::: Records for this task

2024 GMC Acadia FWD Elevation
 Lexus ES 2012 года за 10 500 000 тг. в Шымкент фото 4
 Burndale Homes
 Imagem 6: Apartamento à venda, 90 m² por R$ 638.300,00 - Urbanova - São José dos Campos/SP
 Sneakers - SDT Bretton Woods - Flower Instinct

::::::
::: Records for this task

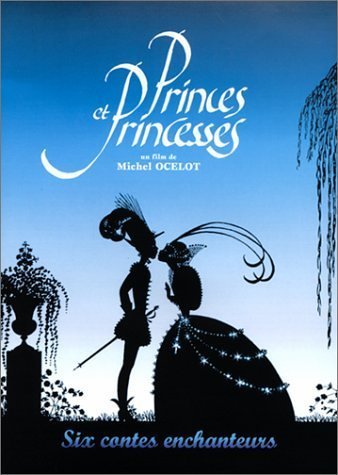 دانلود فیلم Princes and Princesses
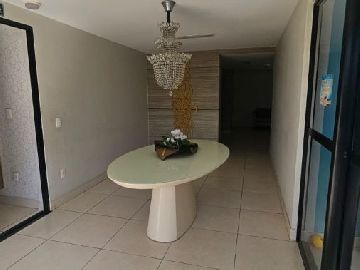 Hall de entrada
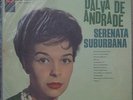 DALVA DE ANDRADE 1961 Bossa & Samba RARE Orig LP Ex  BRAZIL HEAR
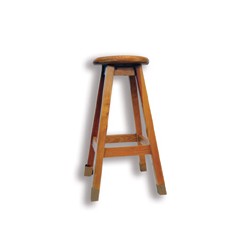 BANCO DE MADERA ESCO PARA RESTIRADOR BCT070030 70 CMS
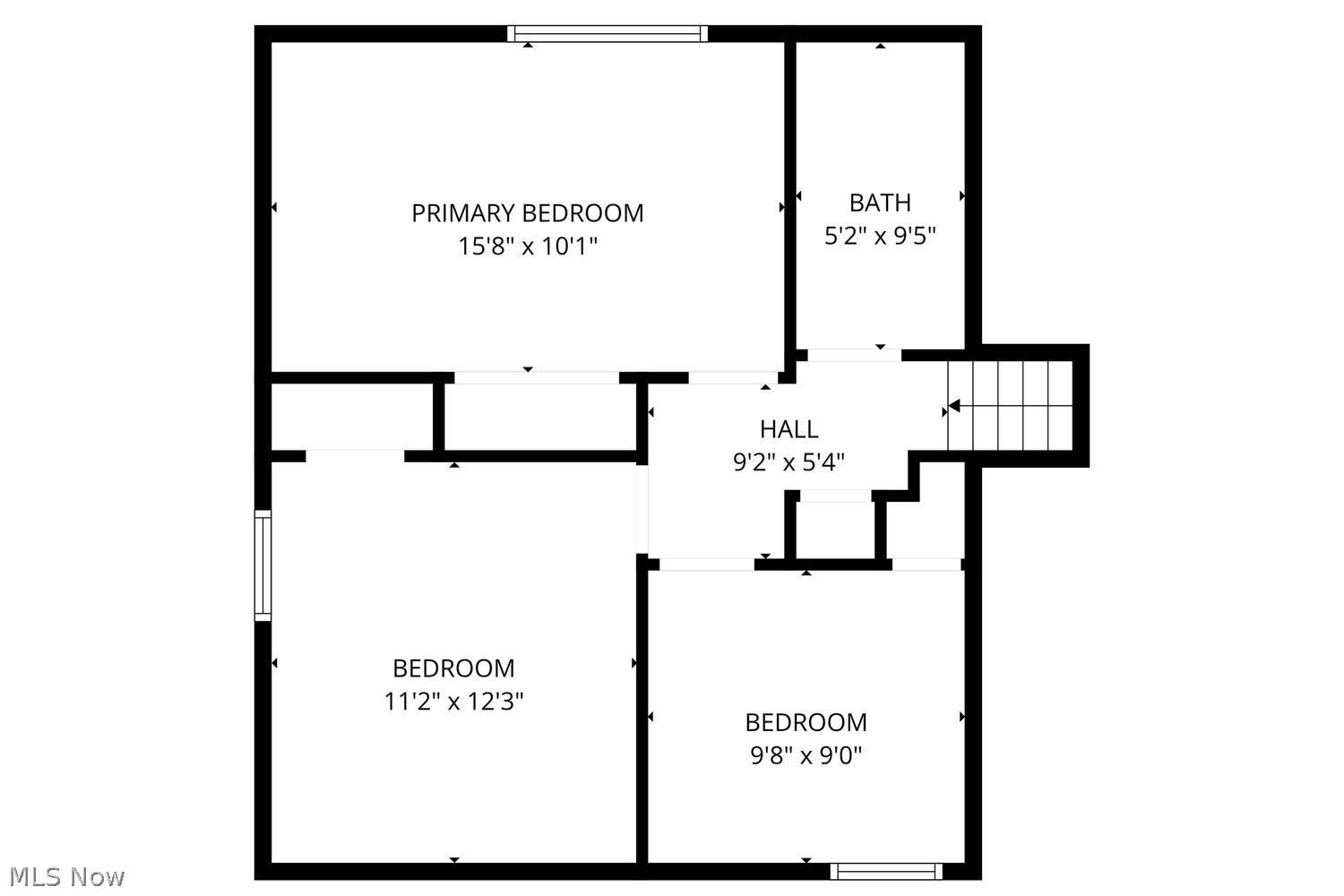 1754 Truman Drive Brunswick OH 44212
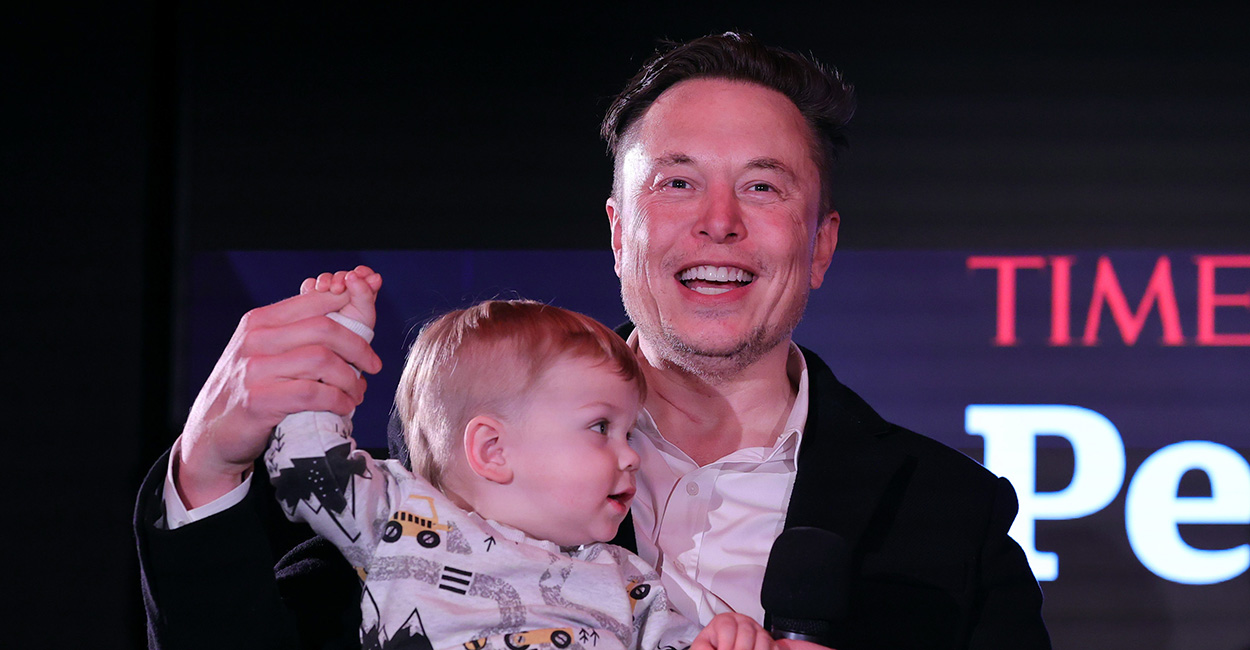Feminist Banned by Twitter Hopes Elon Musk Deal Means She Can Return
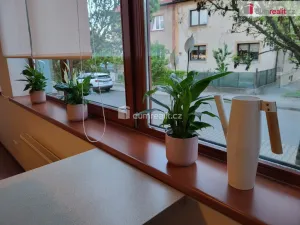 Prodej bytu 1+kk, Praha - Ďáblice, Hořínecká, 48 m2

::::::
::: Records for this task

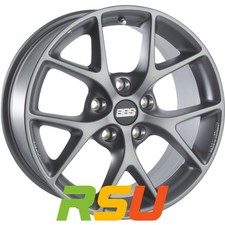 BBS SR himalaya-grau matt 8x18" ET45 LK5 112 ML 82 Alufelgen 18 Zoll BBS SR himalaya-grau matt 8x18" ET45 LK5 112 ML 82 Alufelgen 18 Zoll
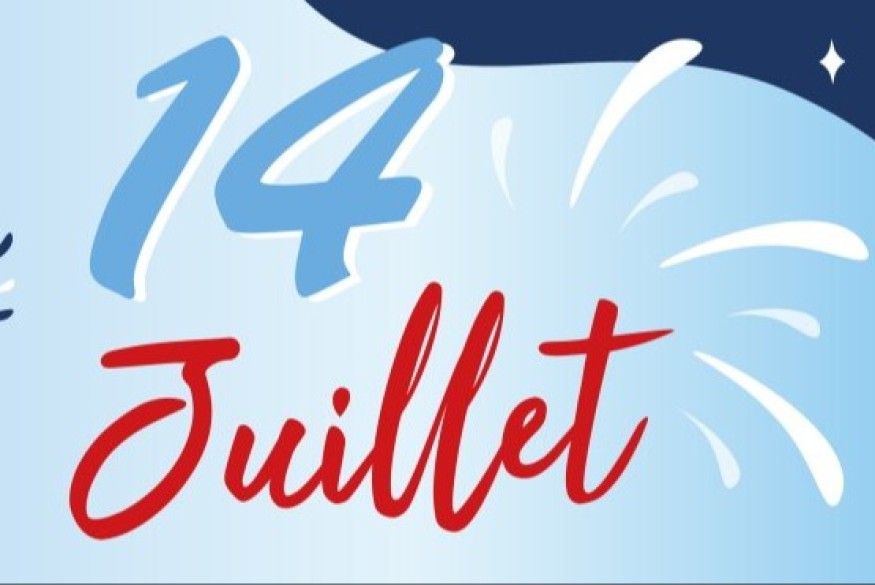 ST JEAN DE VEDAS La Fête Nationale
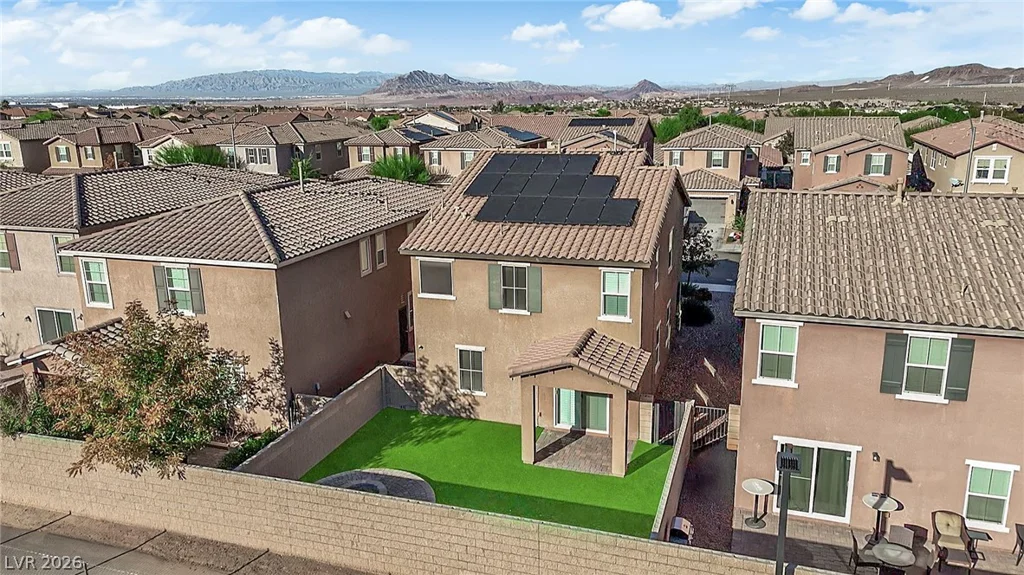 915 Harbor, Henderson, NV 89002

::::::

Problem -> Your answer should be the lines above, word for word, from the line with "دانلود فیلم Princes and Princesses" through the line with "Prodej bytu 1+kk, Praha", minus the pictures.

Output for this task ->
 دانلود فیلم Princes and Princesses
 Hall de entrada
 DALVA DE ANDRADE 1961 Bossa & Samba RARE Orig LP Ex  BRAZIL HEAR
 BANCO DE MADERA ESCO PARA RESTIRADOR BCT070030 70 CMS
 1754 Truman Drive Brunswick OH 44212
Feminist Banned by Twitter Hopes Elon Musk Deal Means She Can Return
 Prodej bytu 1+kk, Praha - Ďáblice, Hořínecká, 48 m2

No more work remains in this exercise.